Les meilleurs éleveursne se contentent pas de servir et de fidéliser leurs clients, ils prospectent activement. © Getty Images

En vente, il existe une division traditionnelle des métiers, héritée des âges les plus reculés, qui oppose les chasseurs et les éleveurs…

La majorité des directions commerciales sont toujours en quête de bons profils de chasseurs, compétence réputée plus rare et plus précieuse que celle des éleveurs. Quoi de plus logique quand on s’intéresse de près aux qualités respectives demandées à ces deux profils.

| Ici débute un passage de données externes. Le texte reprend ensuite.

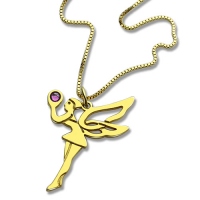 Fairy Birthstone Necklace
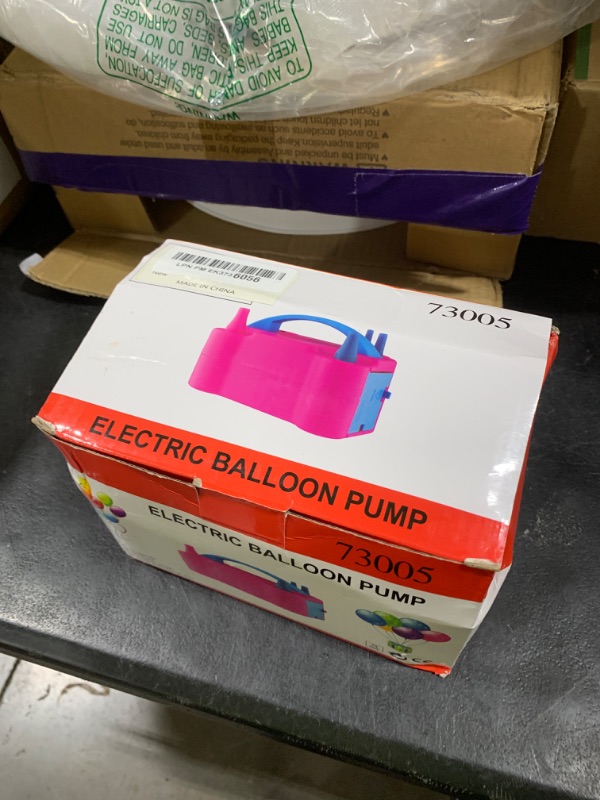 Photo 1 of IDAODAN Electric Balloon Pump, Portable Electric Balloon Blower Machine Balloon Air Pump Dual Nozzle110V 600W Balloon Inflator for Party Decorations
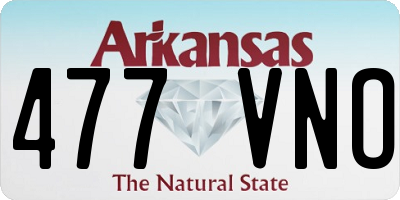 AR license plate 477VNO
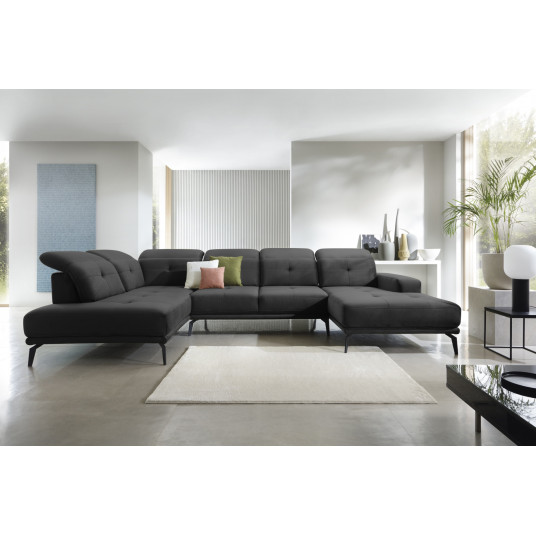  Kampinė sofa Bretan, audinys Loco 06 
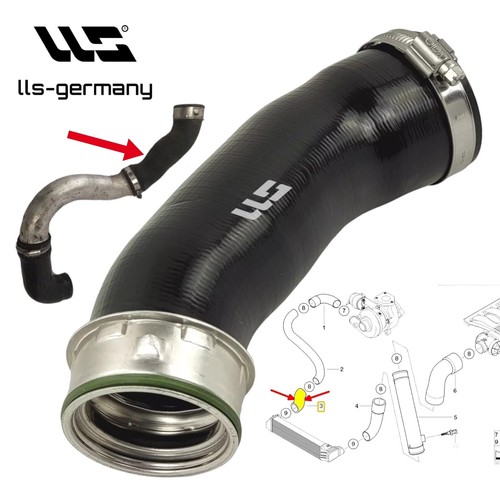 Tubo turbo intercooler per bmw - tubo,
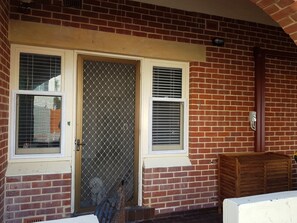 Front door of property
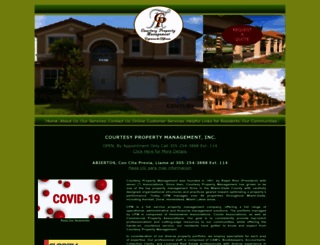 courtesypropertymgmt.com screenshot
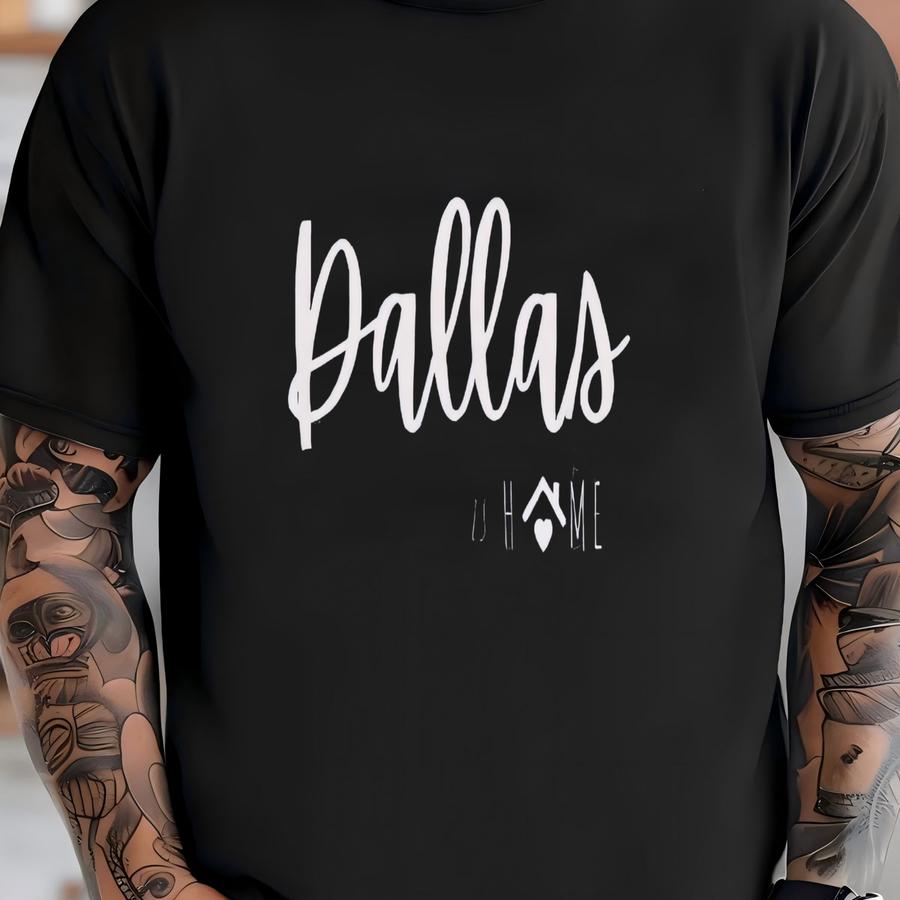 Is Home Dark Heather Crewneck Sweatshirt, Realtor Sweatshirt, Home Sweatshirt, Texas Gift, Client Gift Sweatshirt, Fall Sweatshirt T-shirt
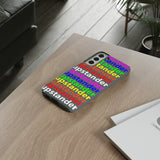 upstander rainbow Tough Cases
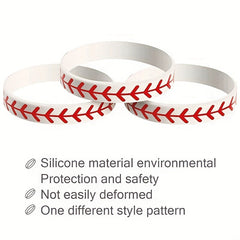 15pcs Softball Bracelet Silicone Wristband Softball Gift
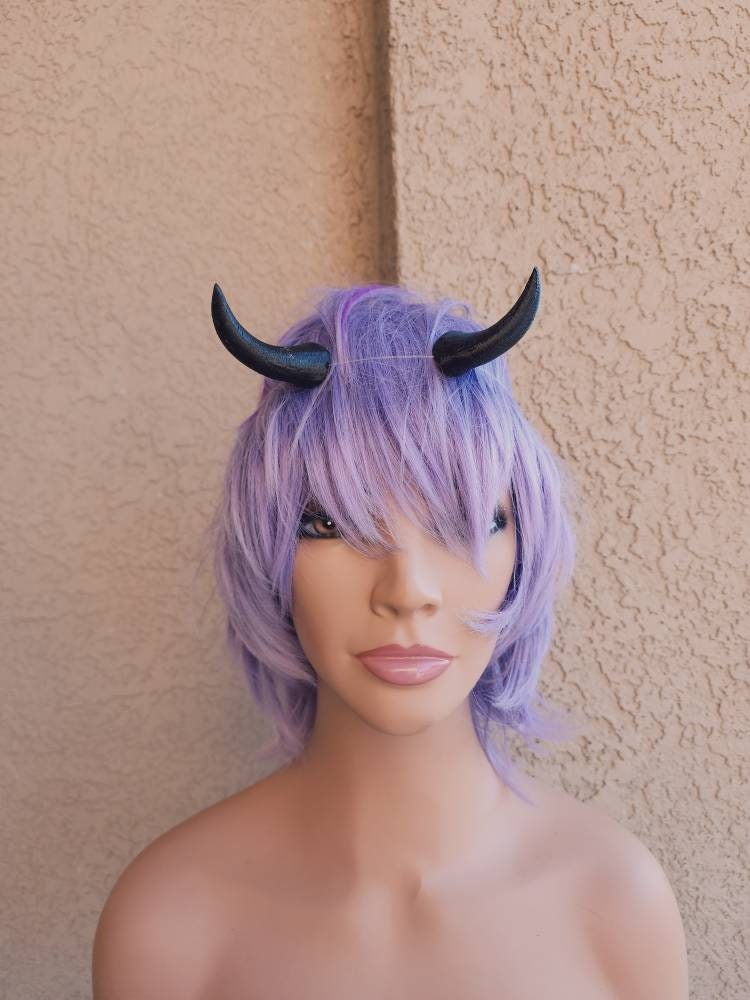 NEW Adjustable mini Small goat horns headband 3D printed cosplay comicon fantasy horns  option wow anime black pointy horns Alice Angel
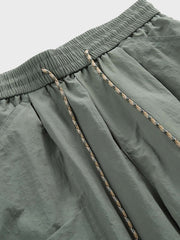 立体ポケットストレートカジュアルパンツ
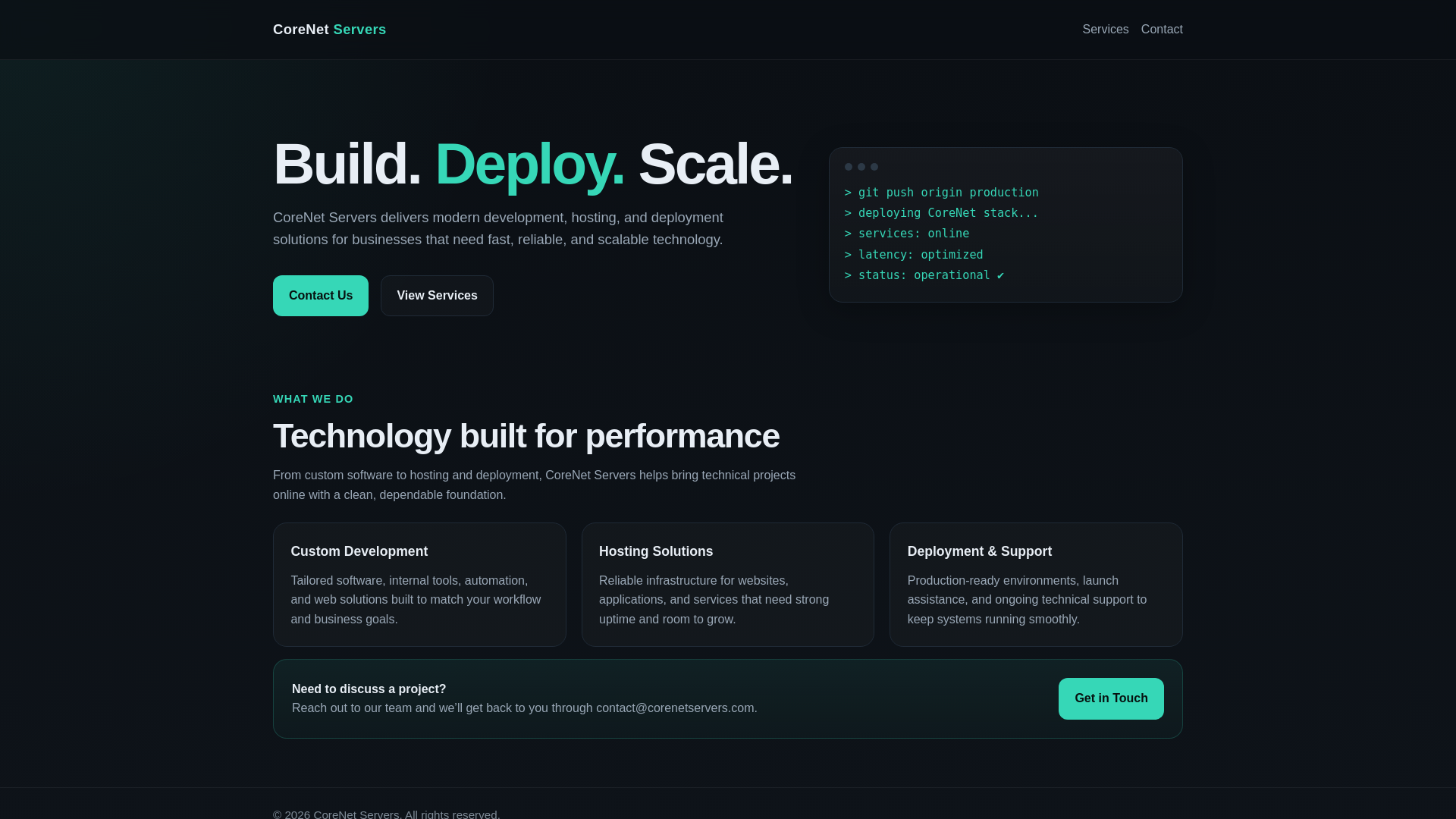 website screenshot of https://corenet-website.pages.dev/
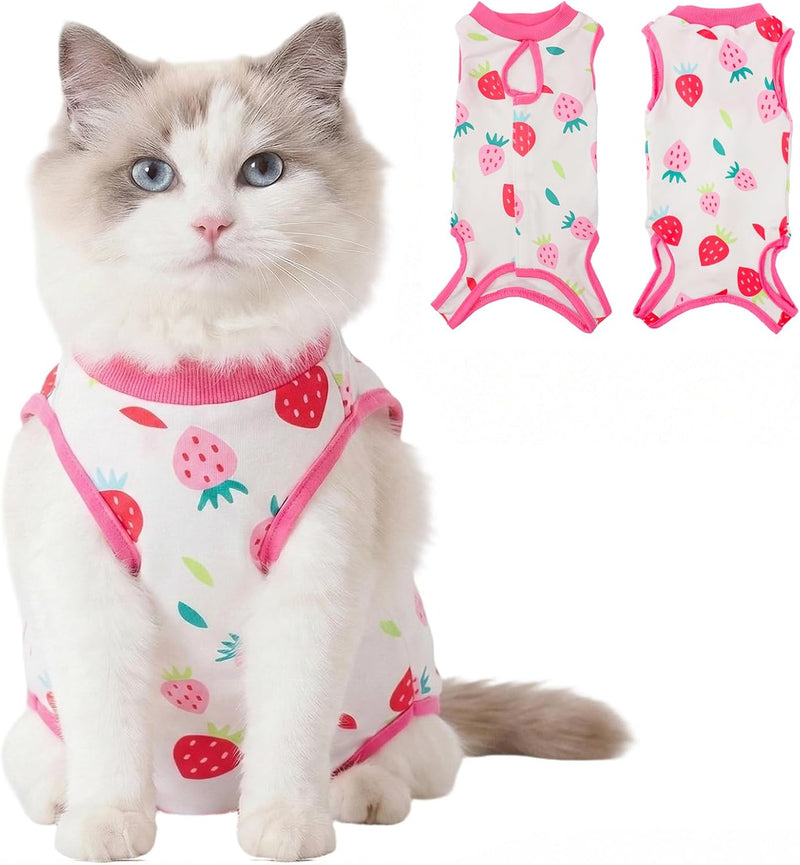 Cat Recovery Suit Cat Onesie for Cats Breathable Cats Surgery Recovery Suit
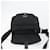 Borsa a Tracolla PRADA Nylon Nero Argento Auth 194350A - vista 21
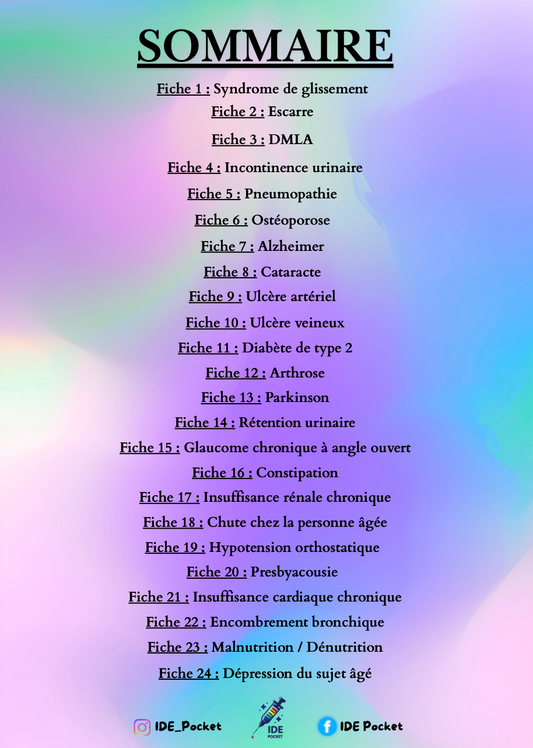 Pathologies gériatriques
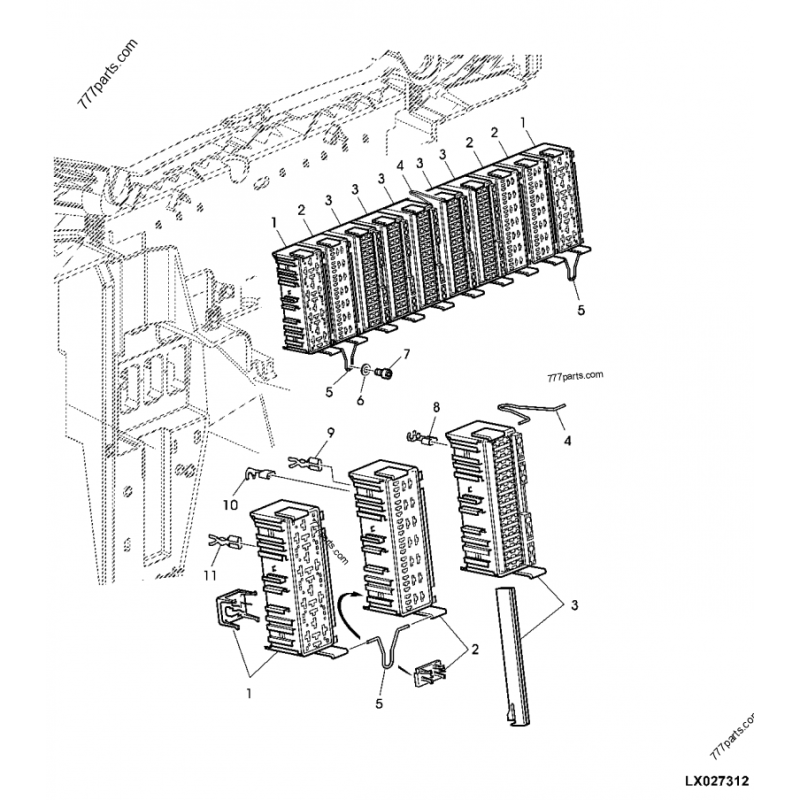 57M8054 електричний роз'єм  57M8054 John Deere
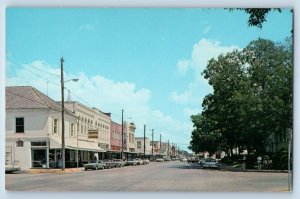 Seguin Texas TX Postcard Main Street Gateway Home Lutheran College Starcke c1960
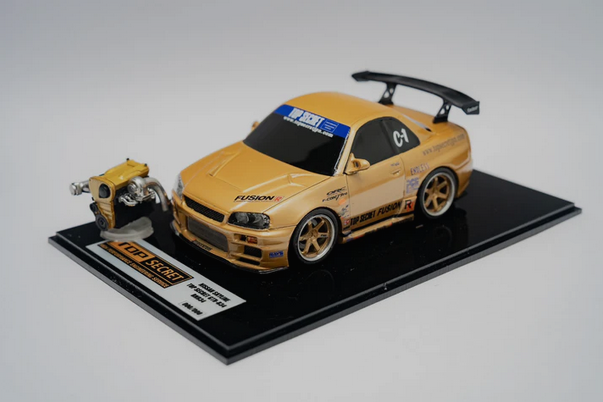 Top Secret Thailand - R34 & SUPRA MINI SD Model car with Engine - LIMITED EDITION - Image 10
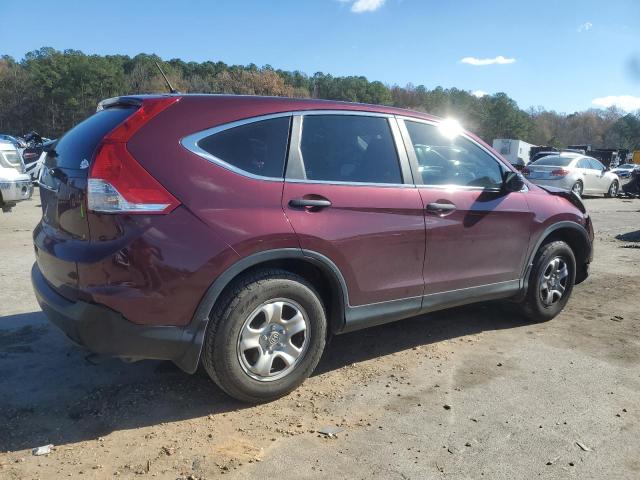 5J6RM3H33CL036547 - 2012 HONDA CR-V LX BURGUNDY photo 3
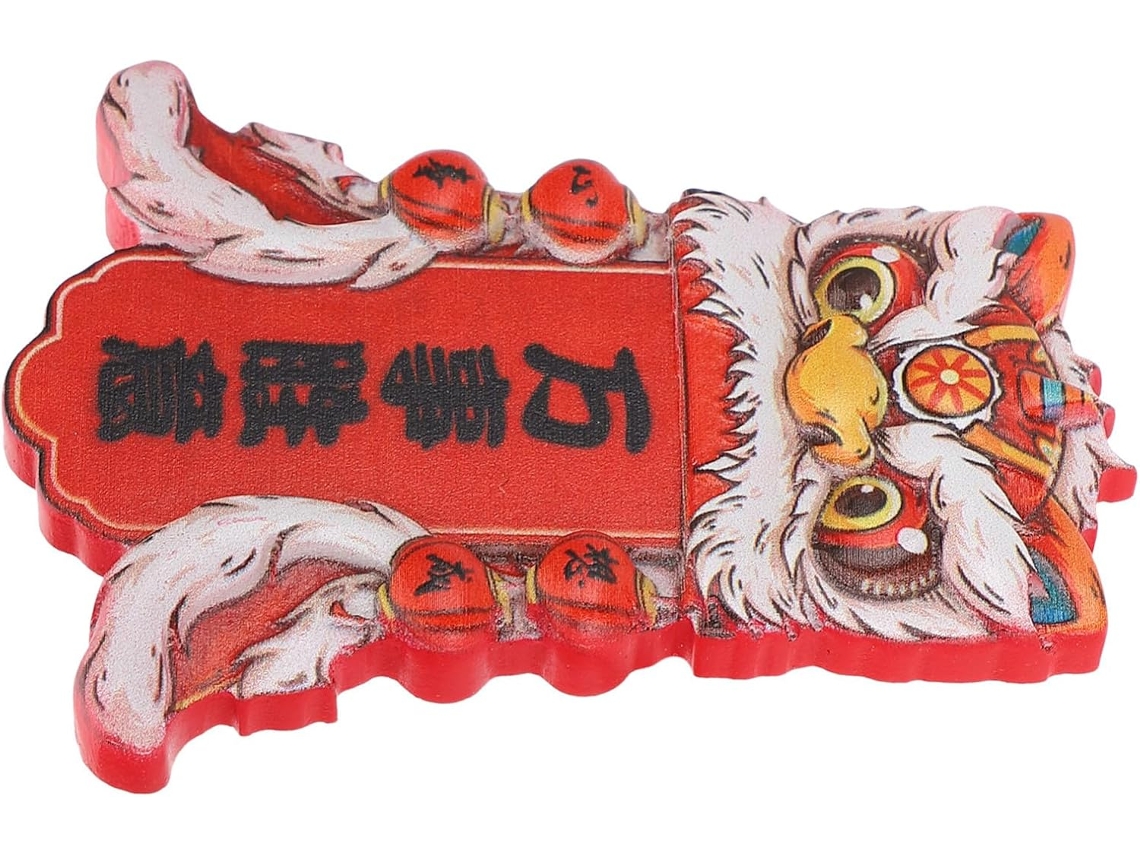 Ímã De Geladeira Iplusmile, Decoração Festiva Para Geladeira, Design De Leão, Estilo Chinês Festivo, Resina Magnética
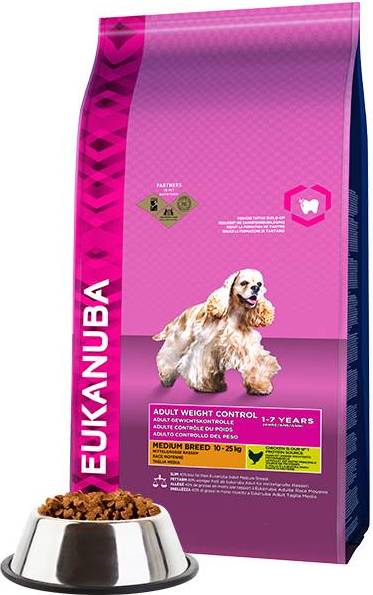 Eukanuba Dog Adult Weight Control Small/Medium 15 kg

Pour les chasseurs, focalisés sur la prospection de nouvelles opportunités chez de nouveaux clients, on recherche la persistance, la résistance à l’échec, un dynamisme qui flirte avec l’audace et parfois avec l’agressivité (bien qu’on s’en défende officiellement) et une grande autonomie organisationnelle. Aujourd’hui, on parle plus volontiers de SDR (sales development representatives) sur la phase initiale de vente (qualification et prise d’un premier rendez- vous), la transformation de l’essai jusqu’à la conclusion de l’affaire étant confiée à des chasseurs plus seniors, les AE (account executives).

Les éleveurs (AM, account managers et/ou CSM, customer success managers) ont pour mission de soigner le client et de faire croître sa consommation. Les qualités requises sont plus relationnelles, empathiques, perçues comme moins confrontantes que celles demandées aux hunters.

Turnover supérieur

Le turnover des chasseurs (25 à 30%) est bien plus important que celui des éleveurs (10 à 15%), preuve déduite que ce métier exigeant n’est pas fait pour tout le monde et que seuls les meilleurs survivent. Sauf que même ces meilleurs finissent quasiment tous par abandonner les fonctions de chasse lorsqu’on leur propose un poste de développement commercial.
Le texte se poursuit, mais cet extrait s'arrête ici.